Not much is known about Sharon’s childhood, but at the age of sixteen she was already more shapely than other girls her age and understood men had trouble keeping their eyes above her neckline.
It was at the sweet age of 16, in the summer of 1956, that Sharon met James Arthur Kinne at a Mormon church social in Independence, Missouri. James was a 22 year college student home from Brigham-Young University for the summer. He’d noticed Sharon across the room, but couldn’t summons up the nerve to go talk with her. Sharon was no idiot, she knew she had a fish on the hook and seductively crossed the room to talk to the college boy.
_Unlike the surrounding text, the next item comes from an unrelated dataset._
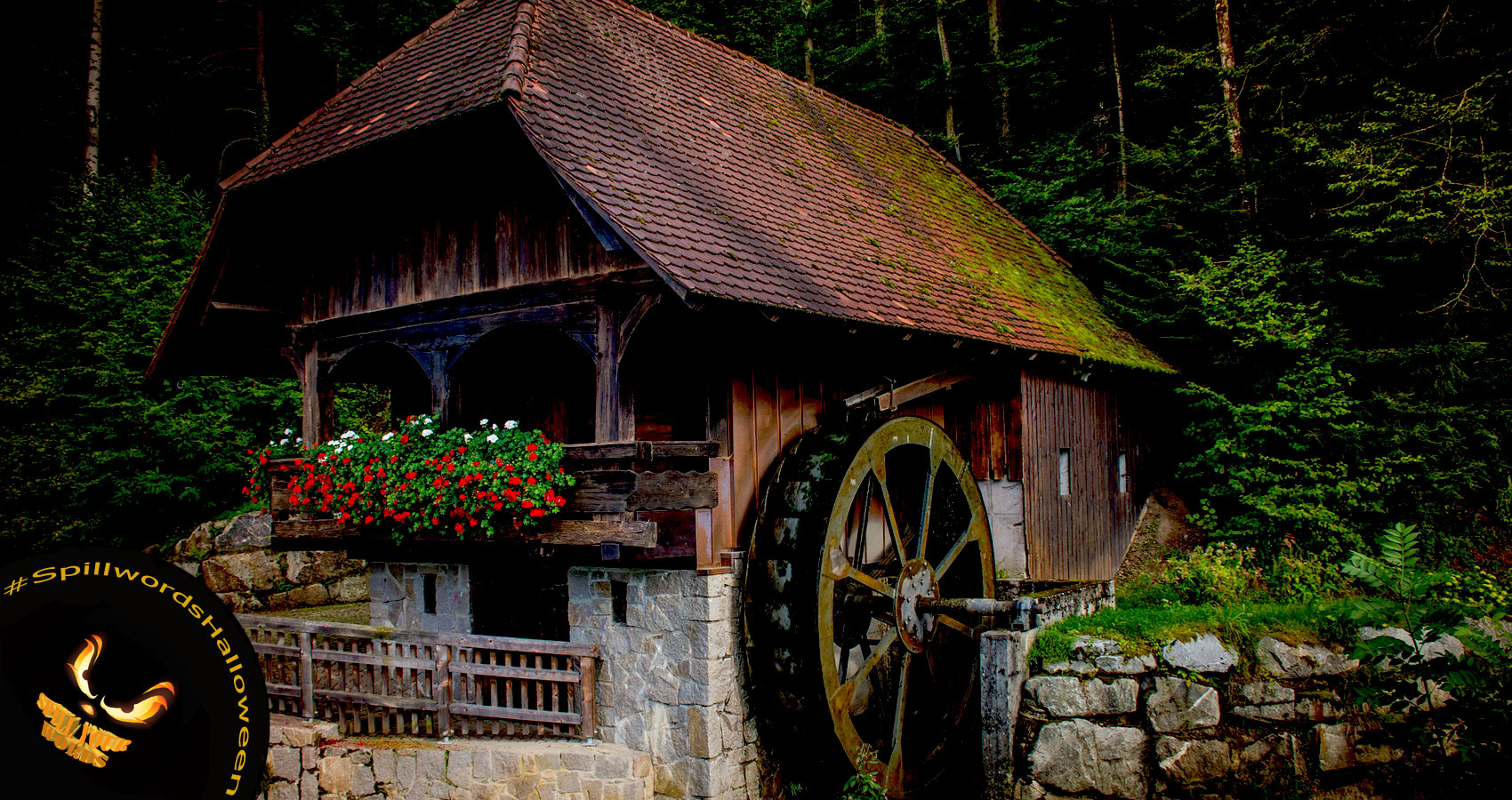 The Old Mill, poetry written by Polly Oliver at Spillwords.com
Within the introductions James had told Sharon he was a college student in Provo, Utah, and Sharon immediately decided he would be her ticket out of Independence. She believed she was too pretty and too worldly to stay around Missouri. James could change all of that.
The church social was the beginning of a passionate summer affair. Sharon was no stranger to sex and happily introduced James to the pleasures of the flesh; although she kept it to herself that she was so experienced.
When summer was over, James headed back to the classrooms; leaving Sharon with promises to write and visit any time he was back home. Sharon was angry. How could he bed her over and over and then just leave?
Nobody left Sharon Hall. Nobody.
Utah or Bust!
James hadn’t been back in school long when he received a letter from Sharon that made his heart stop. According to Sharon, she was a couple of months pregnant. In 1956, especially being Mormon, such a situation meant a sure marriage and James returned home to Independence to do just that.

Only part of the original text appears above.